Evet isterdim ya. Seni zevc olarak isterdim. Senden senin gibi gürbüz yiğitlerim, hanım kızlarım olsun isterdim. Artık bu ayrılık bitsin kavuşalım isterdim.

"İskender, Almıla kızım, neler oldu?"

Babamın sorusu geceye düşmüş ortamı derin sessizlik sarmıştı. Anlaşmış gibi dere kenarında öten kurbağaların bile sesi çıkmıyordu. İskender'e yine cevabını verememiş, hemen birbirimizden uzaklaşmıştık.

"Elimden mumu düşürdüm, cam da çatlayıncaya kuru otlara alev sıçradı."

Babamın yemyeşil gözlerinden akan endişe yerini yavaş yavaş sinire bırakmaya başlamıştı. Meliha yengemi korumuştum. Zaten herkesin dilindeydi daha fazla üzülmesine vicdanım el vermemişti.

" Gecenin bu vakti ormanda ne işin vardı? Ya eşkiya geleydi o zaman ne edecektin?"

Doğru ya hiç düşünmemiştim, eşkiya gelseydi ne edecektim? Ben kendime o kadar odaklanmıştım ki, ne eşkiya ne vahşi bir hayvanı gözüm görmemişti. Babam bana ilk defa kızmıştı. Sultanım diyen tatlı dili bu sefer acı söylerdi. Suçlulukla başımı yere eğdim. Diyecek tek kelamım yoktu. Ne diyecektim ki zaten? İskender'e haber yolladım mı?

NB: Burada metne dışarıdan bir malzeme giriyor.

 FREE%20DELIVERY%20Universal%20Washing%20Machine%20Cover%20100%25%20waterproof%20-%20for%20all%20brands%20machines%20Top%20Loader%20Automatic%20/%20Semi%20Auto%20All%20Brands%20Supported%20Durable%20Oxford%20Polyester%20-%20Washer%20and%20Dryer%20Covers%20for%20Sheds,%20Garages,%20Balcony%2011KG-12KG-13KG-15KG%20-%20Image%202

Göz ucuyla ona baktığımda, eline mendil ulaşmamış olsa bile buraya onunla buluşmak için geldiğimi anlamış altın sarısı kaşlarını çatmıştı. Sahi ulaşsa ne olacaktı? Aşkını ilan edip canıma can katmayacak mıydı? Aşkıma ortak olmayacak mıydı? Düşüncelerimden babamın gür sesiyle sıyrıldım.

"Seni her seferinde ormandan getirmek zorunda mıyız? Kaç yaşındasın Almıla hatun? Canım sıkıldı mı ya Üsküdar tepelerine ya dere kenarlarına ormana mı gider oldun?"

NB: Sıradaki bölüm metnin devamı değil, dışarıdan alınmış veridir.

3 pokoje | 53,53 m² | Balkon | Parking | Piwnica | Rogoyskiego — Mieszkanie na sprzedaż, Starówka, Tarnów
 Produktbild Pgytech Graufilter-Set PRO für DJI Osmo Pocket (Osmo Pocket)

Ahh ana ahh! Demek babama dedin. Hani demeyecektin? Gerçi hata bende otuz yıllık evlilikte, karı koca arasında sır mı olurdu? Elbet bir gün söyleyecekti. Bir tek sır gibi sakladığı Ayşe teyzeyle yaptığı konuşmalar vardı. Kessen sırrını söylemez derler ya öyle birbirlerinin sırrını saklar dert ortağı olurlardı.

"Yok bab-"

"Yeter! Uslanasın diye buraya gönderelim dedik geldin yine aynı yine aynı. Gayrı yetti. Ben seninle baş edemem. Tez vakitte İstanbul'a dönesin. Dünürcü gelecek. Senin hakkından anca kocan gelir."

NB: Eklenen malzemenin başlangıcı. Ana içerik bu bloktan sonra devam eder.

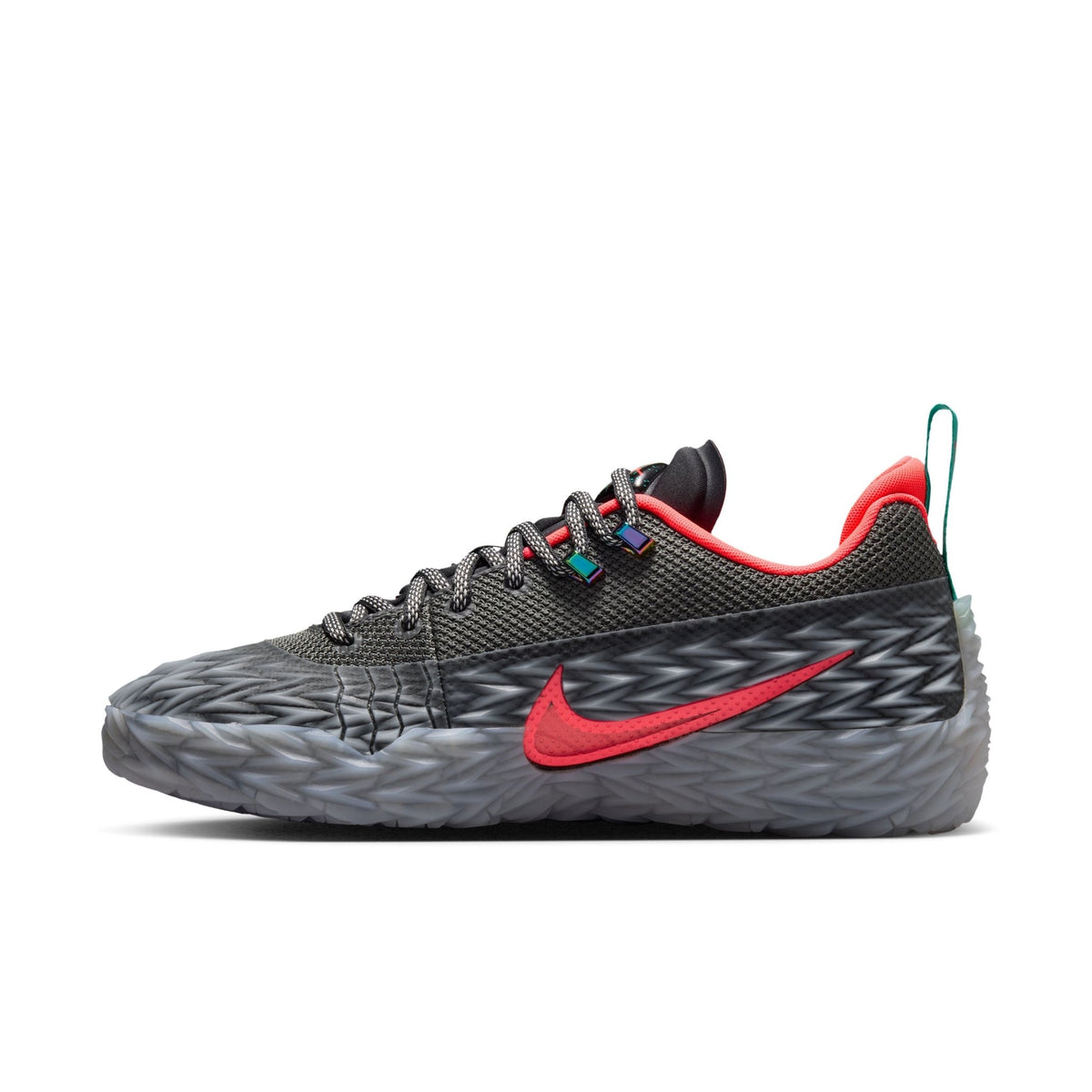 Nike Zapatilla S.T. Charge Hombre Gris - NBA Store Chile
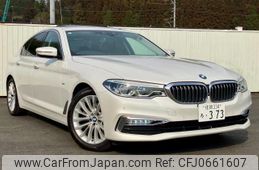 bmw 5-series 2017 quick_quick_JC20_WBAJC32070G466894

Başımı kaldırıp yeşimlerimi yeşillerine diktim. Bunu demiş olamazdı. Bunu yapmış olamazdı. Tam her şey yoluna girecek derken bunu yapmış olmazdı. Dolu dolu gözlerle İskender'e baktım. Ama göz yaşlarımdan onu da bulanık görmekteyim. Ağlamamak için kendimi zor tutsam da olmuyordu. En sonunda babamın başını git der gibi sallayıp bana sırtını dönmesiyle yıkılmıştım. Bir baba kızına sırtını döner miydi? Bu kadar kolay mıydı? Hani ben senin sultanındım diye bağırarak ağlamak, geniş göğsüne sığınıp ağlamak istiyordum. Ondan gelen cezayı yine onunla karşılamak istiyor, tek başıma savaşmak istemiyordum. Bi kere saçımı okşarsa yeterdi. Ama o surtını dönüp ilerlemişti. Göz yaşlarımı görmeye tahammülü yoktu belli. Dayanamayıp fistanın eteklerini toplayıp koşarak çiftliğe gitmeye başladım.